What is being asked: Take the material below and extract the lines from the one with "Christmas with the" through the one with "X3 Bulbo Begonia Double Yellow – Kapiteyn", word for word, without pictures.

Dataset records:
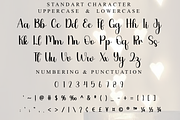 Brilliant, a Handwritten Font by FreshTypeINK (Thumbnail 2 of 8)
==
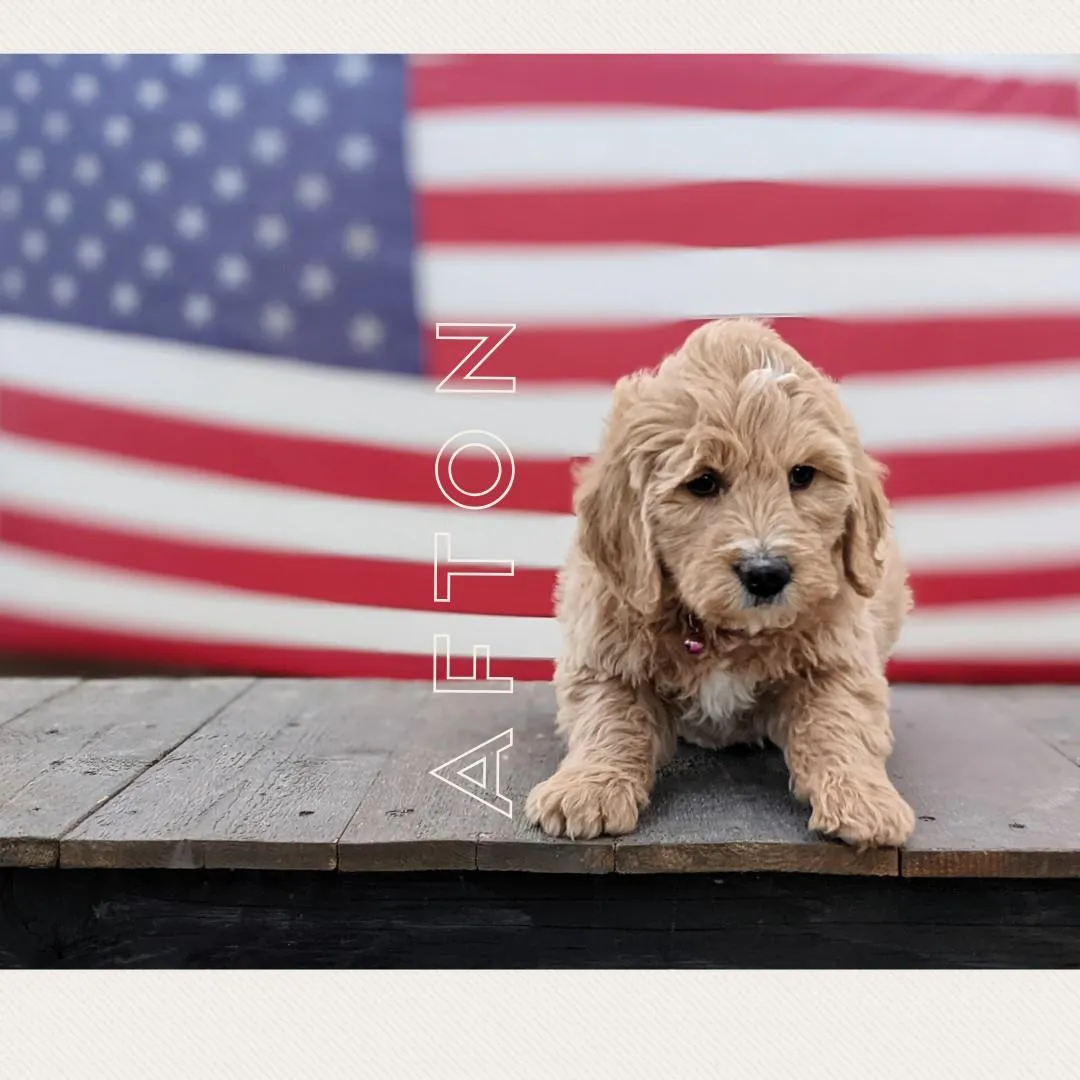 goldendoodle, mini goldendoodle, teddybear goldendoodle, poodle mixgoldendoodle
---
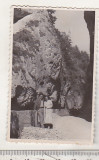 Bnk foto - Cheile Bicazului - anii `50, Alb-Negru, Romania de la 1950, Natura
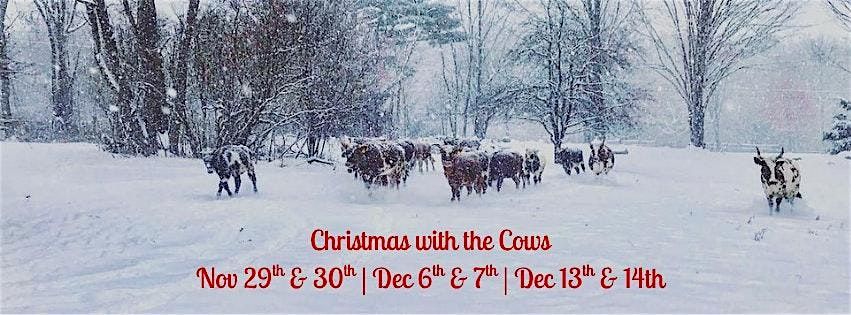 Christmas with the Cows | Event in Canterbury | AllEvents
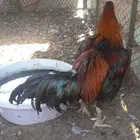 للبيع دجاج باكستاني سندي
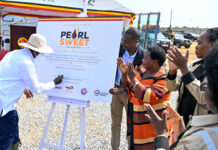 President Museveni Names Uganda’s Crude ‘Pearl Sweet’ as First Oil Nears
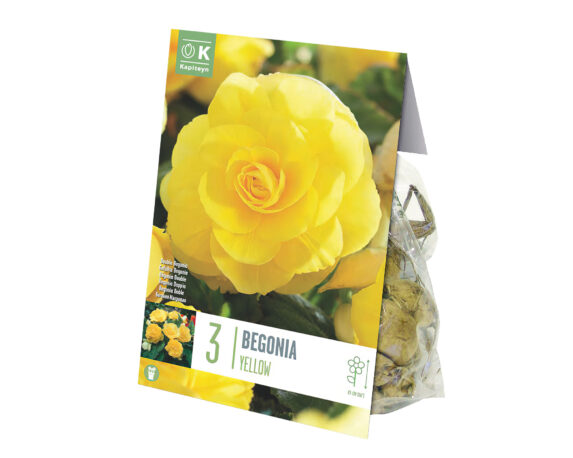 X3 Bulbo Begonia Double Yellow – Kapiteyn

Exercise solution:
 Christmas with the Cows | Event in Canterbury | AllEvents
 للبيع دجاج باكستاني سندي
 President Museveni Names Uganda’s Crude ‘Pearl Sweet’ as First Oil Nears
 X3 Bulbo Begonia Double Yellow – Kapiteyn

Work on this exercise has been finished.